### ASSIGNMENT:
Only an exact repeat of the listing, without its images, counts as the answer.
(COLLECTED MATERIAL Opens)
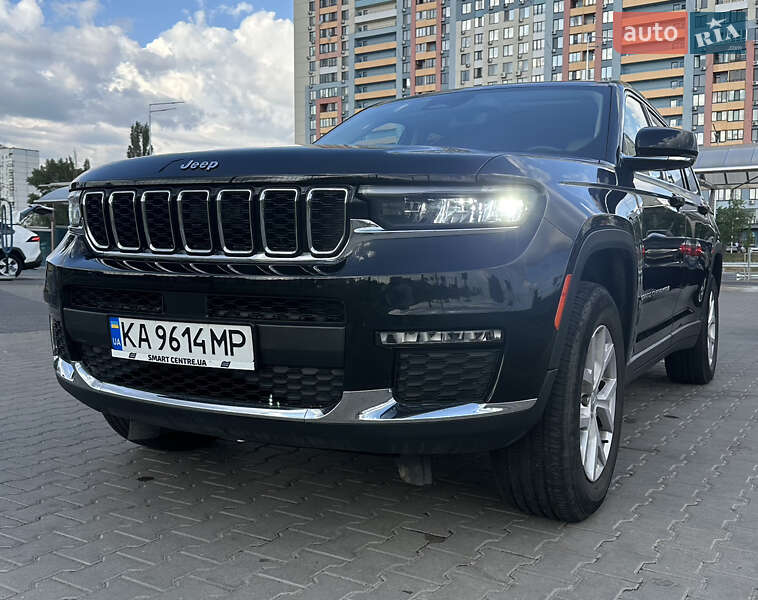 Jeep Grand Cherokee 2021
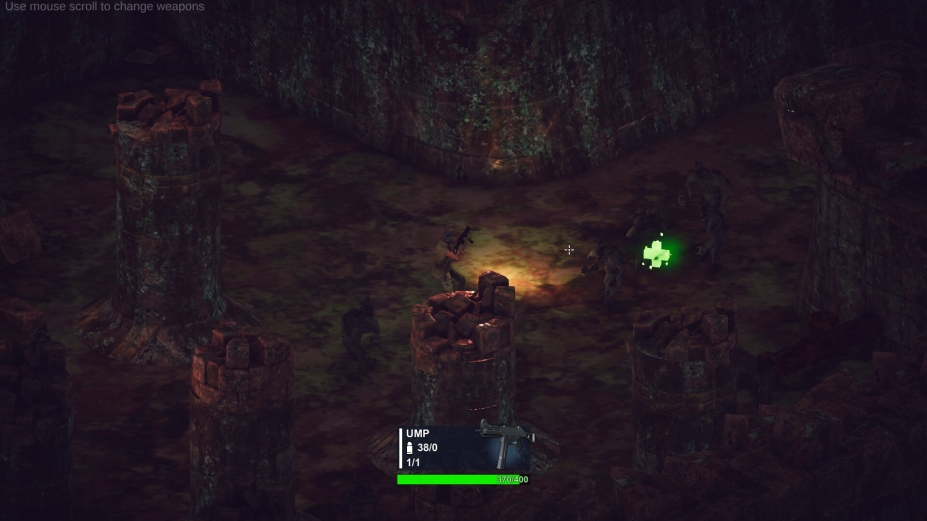 《地牢崛起》游戏截图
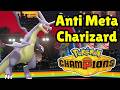Anti Meta Charizard Y! Pokemon Champions Ranked Competitive Battles!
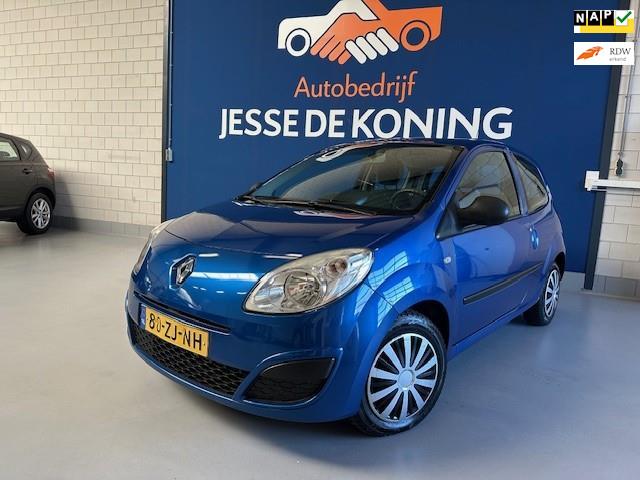 Renault Twingo 1.2 Authentique,bj.2008,kleur:blauw ! NAP met, Auto's, Voorwielaandrijving, Gebruikt, 31 €/maand, 4 cilinders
(COLLECTED MATERIAL Closes)
### RESPONSE TO THIS TASK:
 Jeep Grand Cherokee 2021
 《地牢崛起》游戏截图
Anti Meta Charizard Y! Pokemon Champions Ranked Competitive Battles!
 Renault Twingo 1.2 Authentique,bj.2008,kleur:blauw ! NAP met, Auto's, Voorwielaandrijving, Gebruikt, 31 €/maand, 4 cilinders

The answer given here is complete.